I saw him first, coming off the elevator with his N-95 mask on, dad in front, mom behind, and a cute blond next to him. It was the mask that grabbed me; if you could hover over it with a mouse a text box would pop up that said "I have cancer." He whipped it off, but I didn't recognize him. I had never seen his face before. But his parents I remembered.

They walked past us, and we stood awkwardly facing them until she made eye contact. Robbie's mom remembered me, we had spent a couple of late nights talking in the parent lounge, not believing either of us were really there. Robbie, a teenager, had been diagnosed very close to Henry, with leukemia. His stem cell transplant happened some time after Henry's, but their stay in off campus housing overlapped ours a little. That was the last I had seen them. It had been over a year.

Robbie's head of hair was evidence that he hadn't had chemo in some time. I had never seen him out of bed before. He had been so very sick. The cute blond next to him, his sister, made the head of hair admit that Robbie was only pretending to be healthy. His skin was a bit mottled, his hair thinned like a middle-aged man.

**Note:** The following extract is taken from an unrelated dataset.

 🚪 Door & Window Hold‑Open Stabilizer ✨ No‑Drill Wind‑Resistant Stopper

His mom and I chatted briefly about how he was doing, then she looked around and said, "Where's your son?" I thought it was so obvious, standing there with my red-rimmed eyes after a day of visiting Henry's old nurses at clinic to commemorate his birthday. But of course it wasn't. He could have been getting a transfusion, or having an MRI done, with us hanging out in the cafeteria until he woke from sedation.

I told her he was gone. She was surprised, horrified, but she looked at it. When you've lived it, like she has, you can look at it in a way that other people can't. She stood for a long time, searching my eyes. I could feel her questions. "How is it, there, where I thought I may have had to go?"

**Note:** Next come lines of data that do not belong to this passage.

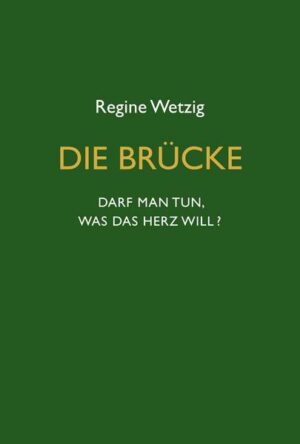 Die Brücke - Darf man tun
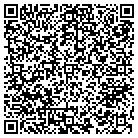 QR code with Ameripath Chapell Joyce Pathol contacts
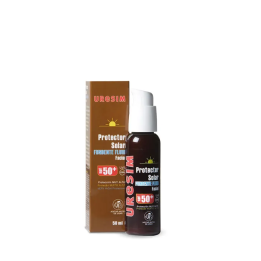 Uresim Protector Solar Fundente… · 84370018063… | HogarLider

I cried again. We hugged, she whispered to me "I'll never forget you."

9 comments:

Anonymous said...

Dr. Smak
love you,
k3p3

rlbates said...

Ditto, k3p3

Jen said...

Ditto.

Anonymous said...

I have a woman that I share that bond with. We both lost our daughters to cancer. We stayed in the hospital at the same time. We visited give Kids the World in Florida at the same time. We shared many conversations that only she and I could share. Sunday marks the 12th year anniversary of my daughter's death. I know that her daughter passed away a few weeks prior to mine. I need to call her. Thank you.

Taking Heart said...

just tears.

Indigo said...

Of all the things to share with another human being. This pain is nothing like anyone could imagine, except someone who has been there or might someday face it. (Hugs)Indigo

A Doc 2 Be said...

There are no words.

I'm so sorry.

I remember coming back to school after my own son died and girls I had lived amongst, with him and while pregnant, asked where he was.

They had not heard. They did not know.

I was not sure then who I felt worse for - them because they had to learn for the first time that our beloved little blue eyed boy was gone, or me for having to relive it all over again.

In the end, it was them.

You are a gem; priceless and extraordinary. Just like little Henry.

ADB said...

I think the shock was the greatest for Robbie's mom, but that is immaterial. A grief shared - is one lessened.

...tom... said...

...

We hugged, she whispered to me "I'll never forget you."

I think many that read here will never forget you either. Or Henry. Or your journey and how you share it still...


Amazing. In a good way.


...tom...
.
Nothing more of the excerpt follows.